The Unladen Swallow work was proposed for merging in Python 3.3, but this has been withdrawn due to lack of results in that project. PyPy is now the preferred project and is currently requesting funding to add Python3k support. There's very little chance that PyPy will become the default at present.
Efforts have been made for the last 15 years to remove the GIL from CPython but for the foreseeable future it is here to stay.
The GIL will not affect your code which does not use python objects. In Numpy, we release the GIL for computational code (linear algebra calls, etc...), and the underlying code can use multithreading freely (in fact, those are generally 3rd party libraries which do not know anything about python)
The GIL is a good thing.
Just make your C++ application release the GIL while it is doing its multithreaded work. Python code will continue to run in the other threads, unspoiled. Only acquire the GIL when you have to touch python objects.
I guess there will always be a GIL.
The reason is performance. Making all the low level access thread safe - means putting a mutex around each hash operation etc. is heavy. Remember that a simple statement like
self.foo(self.bar, 3, val)
Might already have at least 3 (if val is a global) hashtable lookups at the moment and maybe even much more if the method cache is not hot (depending on the inheritance depth of the class)
It's expensive - that's why Java dropped the idea and introduced hashtables which do not use a monitor call to get rid of its "Java Is Slow" trademark.
As I understand it the "brainfuck" scheduler will replace the GIL from python 3.2
BFS bainfuck scheduler
If the GIL is getting in the way, just use the multiprocessing module. It spawns new processes but uses the threading model and (most of the) api. In other words, you can do process-based parallelism in a thread-like way.
Related
I'm hoping someone can provide some insight as to what's fundamentally different about the Java Virtual Machine that allows it to implement threads nicely without the need for a Global Interpreter Lock (GIL), while Python necessitates such an evil.
Python (the language) doesn't need a GIL (which is why it can perfectly be implemented on JVM [Jython] and .NET [IronPython], and those implementations multithread freely). CPython (the popular implementation) has always used a GIL for ease of coding (esp. the coding of the garbage collection mechanisms) and of integration of non-thread-safe C-coded libraries (there used to be a ton of those around;-).
The Unladen Swallow project, among other ambitious goals, does plan a GIL-free virtual machine for Python -- to quote that site, "In addition, we intend to remove the GIL and fix the state of multithreading in Python. We believe this is possible through the implementation of a more sophisticated GC system, something like IBM's Recycler (Bacon et al, 2001)."

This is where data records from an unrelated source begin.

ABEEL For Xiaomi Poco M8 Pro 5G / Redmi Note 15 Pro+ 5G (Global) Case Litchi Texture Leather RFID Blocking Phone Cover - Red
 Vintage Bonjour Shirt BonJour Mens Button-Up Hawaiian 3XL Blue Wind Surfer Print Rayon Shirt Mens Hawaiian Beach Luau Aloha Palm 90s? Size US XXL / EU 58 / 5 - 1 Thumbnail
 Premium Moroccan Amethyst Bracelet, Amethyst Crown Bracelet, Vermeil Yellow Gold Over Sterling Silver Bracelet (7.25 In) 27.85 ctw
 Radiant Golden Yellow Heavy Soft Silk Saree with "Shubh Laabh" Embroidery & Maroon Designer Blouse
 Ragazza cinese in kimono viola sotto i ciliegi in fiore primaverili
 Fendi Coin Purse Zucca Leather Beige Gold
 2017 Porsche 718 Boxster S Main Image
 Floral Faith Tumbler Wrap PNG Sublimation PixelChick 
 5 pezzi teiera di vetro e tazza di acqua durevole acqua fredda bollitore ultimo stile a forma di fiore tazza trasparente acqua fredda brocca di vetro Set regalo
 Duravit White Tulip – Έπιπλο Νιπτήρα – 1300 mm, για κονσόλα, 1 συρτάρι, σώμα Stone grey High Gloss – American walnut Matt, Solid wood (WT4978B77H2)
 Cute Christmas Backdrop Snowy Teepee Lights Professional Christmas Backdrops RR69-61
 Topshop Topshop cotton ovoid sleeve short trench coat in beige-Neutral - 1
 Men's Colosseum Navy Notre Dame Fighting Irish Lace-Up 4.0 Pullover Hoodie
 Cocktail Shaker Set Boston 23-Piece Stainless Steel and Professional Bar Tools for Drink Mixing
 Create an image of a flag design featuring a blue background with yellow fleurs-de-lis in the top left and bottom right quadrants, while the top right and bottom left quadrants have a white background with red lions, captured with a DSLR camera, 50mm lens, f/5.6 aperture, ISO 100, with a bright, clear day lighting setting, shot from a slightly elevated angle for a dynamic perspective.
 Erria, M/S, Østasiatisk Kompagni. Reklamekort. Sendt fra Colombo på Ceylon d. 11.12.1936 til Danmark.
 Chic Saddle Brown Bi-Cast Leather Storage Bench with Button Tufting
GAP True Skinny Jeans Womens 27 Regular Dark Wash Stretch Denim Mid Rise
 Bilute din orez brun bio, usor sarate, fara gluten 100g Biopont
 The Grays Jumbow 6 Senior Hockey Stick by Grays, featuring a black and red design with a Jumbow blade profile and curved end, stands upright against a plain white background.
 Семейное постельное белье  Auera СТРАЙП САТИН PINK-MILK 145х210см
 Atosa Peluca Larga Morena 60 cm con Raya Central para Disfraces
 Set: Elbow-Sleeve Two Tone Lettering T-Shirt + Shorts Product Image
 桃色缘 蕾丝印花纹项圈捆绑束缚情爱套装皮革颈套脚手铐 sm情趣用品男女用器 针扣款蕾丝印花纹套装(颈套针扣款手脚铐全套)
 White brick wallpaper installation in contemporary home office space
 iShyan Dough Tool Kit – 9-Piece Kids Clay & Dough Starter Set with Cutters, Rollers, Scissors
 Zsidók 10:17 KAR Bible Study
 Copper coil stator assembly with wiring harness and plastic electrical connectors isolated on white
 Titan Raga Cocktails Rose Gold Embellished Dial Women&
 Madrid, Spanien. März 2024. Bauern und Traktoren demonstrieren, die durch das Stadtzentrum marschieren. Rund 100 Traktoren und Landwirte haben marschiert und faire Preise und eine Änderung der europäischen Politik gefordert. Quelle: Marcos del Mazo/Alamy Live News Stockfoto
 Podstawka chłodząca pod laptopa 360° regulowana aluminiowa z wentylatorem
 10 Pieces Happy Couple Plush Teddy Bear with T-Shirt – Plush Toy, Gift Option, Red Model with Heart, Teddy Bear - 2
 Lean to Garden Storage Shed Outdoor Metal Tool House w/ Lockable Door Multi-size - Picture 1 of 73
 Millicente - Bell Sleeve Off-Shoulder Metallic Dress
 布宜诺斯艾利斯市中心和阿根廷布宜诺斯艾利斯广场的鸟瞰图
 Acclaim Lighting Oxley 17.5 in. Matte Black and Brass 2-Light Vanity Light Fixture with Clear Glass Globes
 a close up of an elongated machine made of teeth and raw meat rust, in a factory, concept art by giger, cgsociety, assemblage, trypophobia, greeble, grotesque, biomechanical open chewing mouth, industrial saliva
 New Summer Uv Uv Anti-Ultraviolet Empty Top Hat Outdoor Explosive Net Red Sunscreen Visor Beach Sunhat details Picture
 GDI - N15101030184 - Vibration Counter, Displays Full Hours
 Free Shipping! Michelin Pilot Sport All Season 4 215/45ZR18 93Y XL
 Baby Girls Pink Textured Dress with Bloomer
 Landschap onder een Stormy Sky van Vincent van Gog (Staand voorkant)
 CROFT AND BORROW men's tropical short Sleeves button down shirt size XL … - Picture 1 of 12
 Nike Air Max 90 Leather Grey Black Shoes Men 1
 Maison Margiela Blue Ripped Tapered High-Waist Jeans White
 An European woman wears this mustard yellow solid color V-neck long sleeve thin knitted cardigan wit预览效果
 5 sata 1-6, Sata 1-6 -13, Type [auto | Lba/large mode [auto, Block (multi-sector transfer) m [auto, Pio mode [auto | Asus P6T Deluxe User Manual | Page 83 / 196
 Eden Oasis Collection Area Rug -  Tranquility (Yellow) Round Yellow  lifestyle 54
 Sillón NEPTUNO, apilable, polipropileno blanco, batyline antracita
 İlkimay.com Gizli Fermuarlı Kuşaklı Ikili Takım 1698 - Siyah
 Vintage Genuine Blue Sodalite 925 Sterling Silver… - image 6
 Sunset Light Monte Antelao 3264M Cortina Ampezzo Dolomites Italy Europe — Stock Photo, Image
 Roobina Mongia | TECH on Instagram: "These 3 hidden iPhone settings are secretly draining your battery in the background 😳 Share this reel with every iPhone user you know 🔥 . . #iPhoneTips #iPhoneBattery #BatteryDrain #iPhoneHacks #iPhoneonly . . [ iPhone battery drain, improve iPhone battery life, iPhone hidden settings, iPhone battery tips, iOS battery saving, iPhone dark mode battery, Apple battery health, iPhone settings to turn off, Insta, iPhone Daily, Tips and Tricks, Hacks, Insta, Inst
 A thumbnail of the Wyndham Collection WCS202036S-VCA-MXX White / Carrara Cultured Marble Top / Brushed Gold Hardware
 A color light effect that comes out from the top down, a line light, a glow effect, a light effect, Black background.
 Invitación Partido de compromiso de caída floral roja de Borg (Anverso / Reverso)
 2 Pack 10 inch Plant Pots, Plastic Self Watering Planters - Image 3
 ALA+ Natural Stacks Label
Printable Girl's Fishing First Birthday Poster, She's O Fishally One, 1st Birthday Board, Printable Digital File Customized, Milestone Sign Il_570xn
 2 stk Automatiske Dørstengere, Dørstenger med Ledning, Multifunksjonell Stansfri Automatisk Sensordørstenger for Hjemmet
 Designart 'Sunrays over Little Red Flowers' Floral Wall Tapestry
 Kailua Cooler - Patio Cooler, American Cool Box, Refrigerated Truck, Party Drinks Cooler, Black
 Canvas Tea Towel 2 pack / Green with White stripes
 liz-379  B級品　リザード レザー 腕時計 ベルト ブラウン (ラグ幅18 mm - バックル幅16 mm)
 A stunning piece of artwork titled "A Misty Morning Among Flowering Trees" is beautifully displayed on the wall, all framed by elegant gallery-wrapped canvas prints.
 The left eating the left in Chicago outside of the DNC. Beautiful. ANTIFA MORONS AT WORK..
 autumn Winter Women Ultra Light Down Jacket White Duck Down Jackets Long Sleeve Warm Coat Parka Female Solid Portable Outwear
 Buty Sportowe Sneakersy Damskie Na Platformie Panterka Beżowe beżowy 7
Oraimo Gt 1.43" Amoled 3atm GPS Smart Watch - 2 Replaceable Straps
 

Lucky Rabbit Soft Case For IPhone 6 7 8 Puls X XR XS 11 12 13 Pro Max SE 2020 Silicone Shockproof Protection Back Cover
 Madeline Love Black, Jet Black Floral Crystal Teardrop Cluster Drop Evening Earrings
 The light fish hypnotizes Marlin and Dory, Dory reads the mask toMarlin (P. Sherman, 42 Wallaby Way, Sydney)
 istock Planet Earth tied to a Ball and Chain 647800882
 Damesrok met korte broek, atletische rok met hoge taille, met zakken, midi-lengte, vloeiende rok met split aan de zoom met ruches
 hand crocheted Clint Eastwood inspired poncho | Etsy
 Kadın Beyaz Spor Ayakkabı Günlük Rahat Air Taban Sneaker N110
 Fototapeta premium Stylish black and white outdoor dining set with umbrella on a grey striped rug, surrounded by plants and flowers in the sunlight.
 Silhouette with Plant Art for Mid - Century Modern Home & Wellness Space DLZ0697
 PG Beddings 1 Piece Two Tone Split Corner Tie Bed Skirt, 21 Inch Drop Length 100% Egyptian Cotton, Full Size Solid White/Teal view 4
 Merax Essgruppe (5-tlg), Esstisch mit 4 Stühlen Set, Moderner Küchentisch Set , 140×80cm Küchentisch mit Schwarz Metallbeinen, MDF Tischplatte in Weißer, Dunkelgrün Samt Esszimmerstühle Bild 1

The JVM (at least hotspot) does have a similar concept to the "GIL", it's just much finer in its lock granularity, most of this comes from the GC's in hotspot which are more advanced.
In CPython it's one big lock (probably not that true, but good enough for arguments sake), in the JVM it's more spread about with different concepts depending on where it is used.
Take a look at, for example, vm/runtime/safepoint.hpp in the hotspot code, which is effectively a barrier. Once at a safepoint the entire VM has stopped with regard to java code, much like the python VM stops at the GIL.
In the Java world such VM pausing events are known as "stop-the-world", at these points only native code that is bound to certain criteria is free running, the rest of the VM has been stopped.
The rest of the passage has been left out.